**Problem description:**
Print the data verbatim. Leave every image out.

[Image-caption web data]
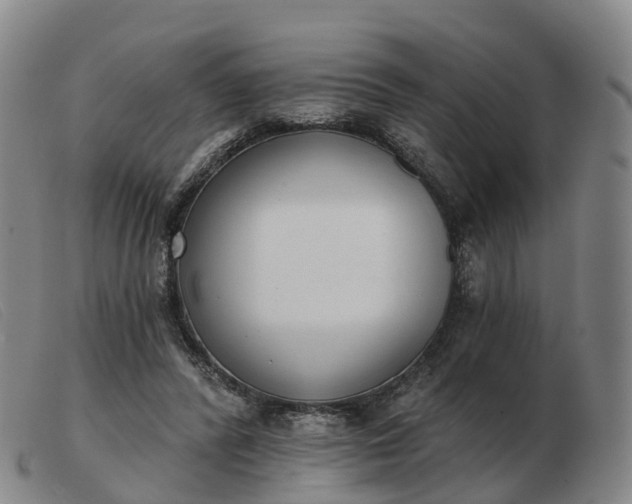 X0000103440400200809191729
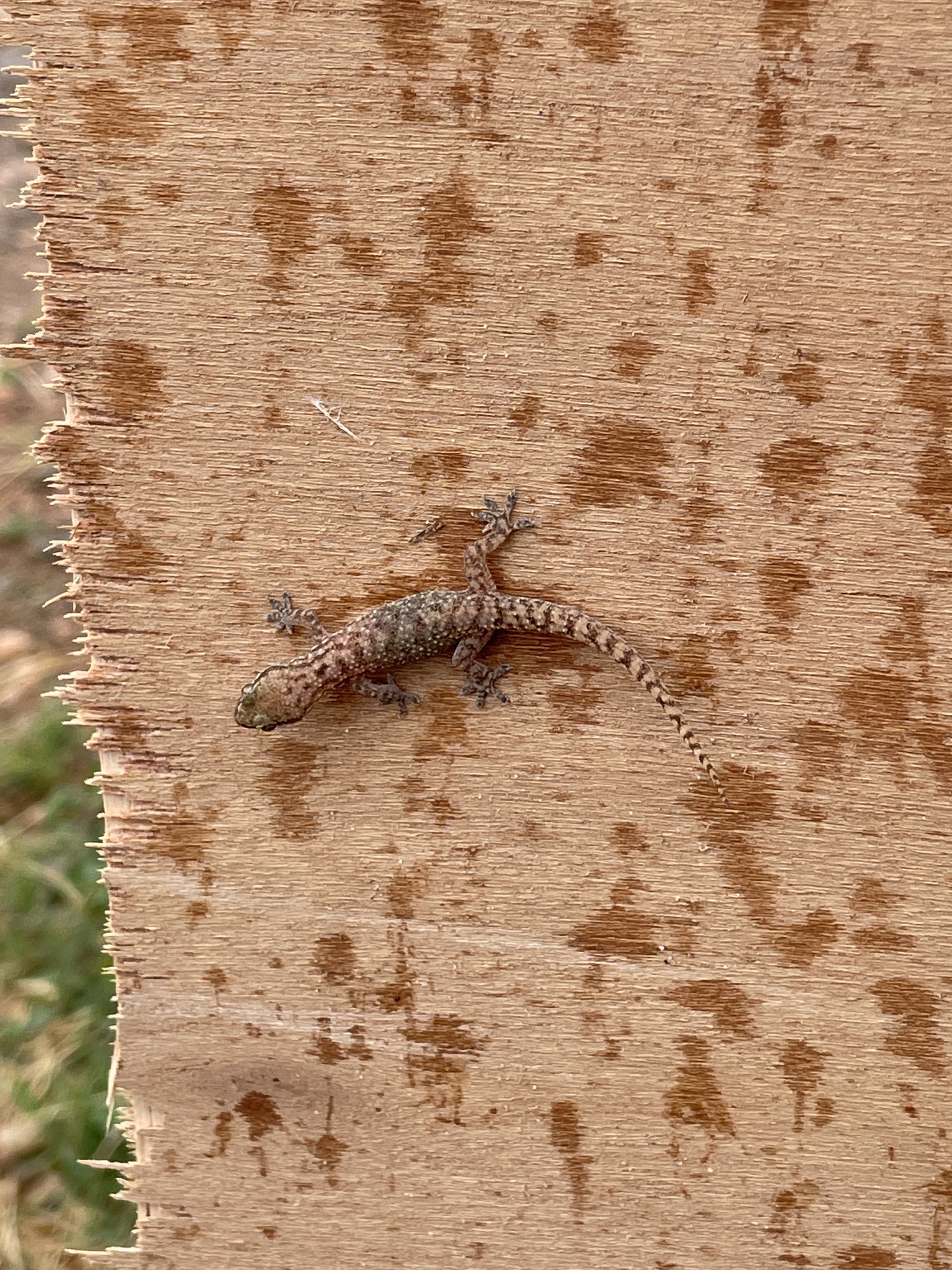 Speedy Leaf-Toed Gecko photo 2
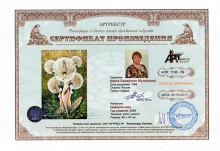 Одевуанчики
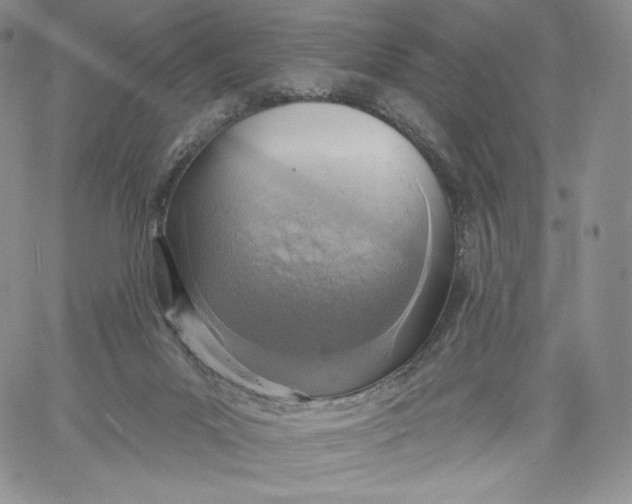 X0000060580023200511241352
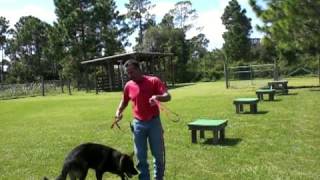 Leash Training A Six Month Old German Shepherd [upl. by Hairu]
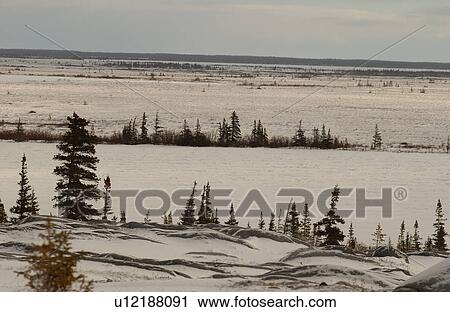 Churchill Northern Manitoba town and surroundings landscape View Large Photo Image Stock Image - Churchill Northern Manitoba town and surroundings landscape. Fotosearch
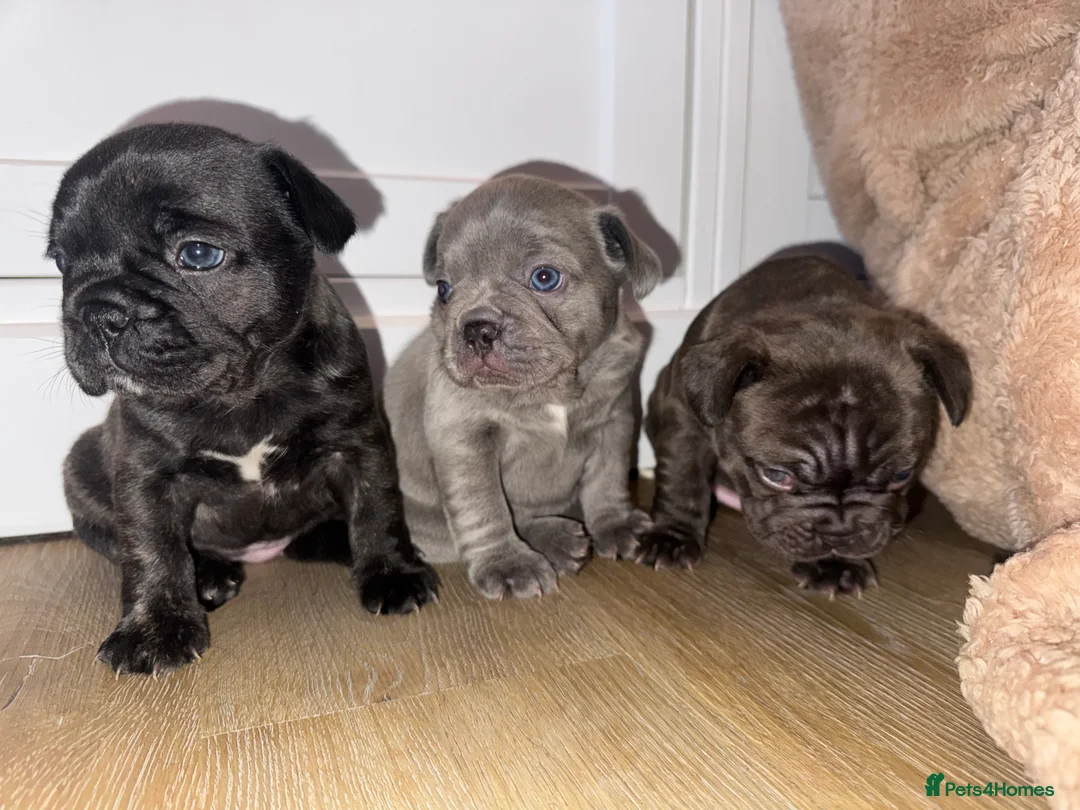 French Bulldog dogs for sale: 3 beautiful frenchie puppy’s - Advert 1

**Answer to the problem:**
 X0000103440400200809191729
 Speedy Leaf-Toed Gecko photo 2
 Одевуанчики
 X0000060580023200511241352
 Leash Training A Six Month Old German Shepherd [upl. by Hairu]
 Churchill Northern Manitoba town and surroundings landscape View Large Photo Image Stock Image - Churchill Northern Manitoba town and surroundings landscape. Fotosearch
 French Bulldog dogs for sale: 3 beautiful frenchie puppy’s - Advert 1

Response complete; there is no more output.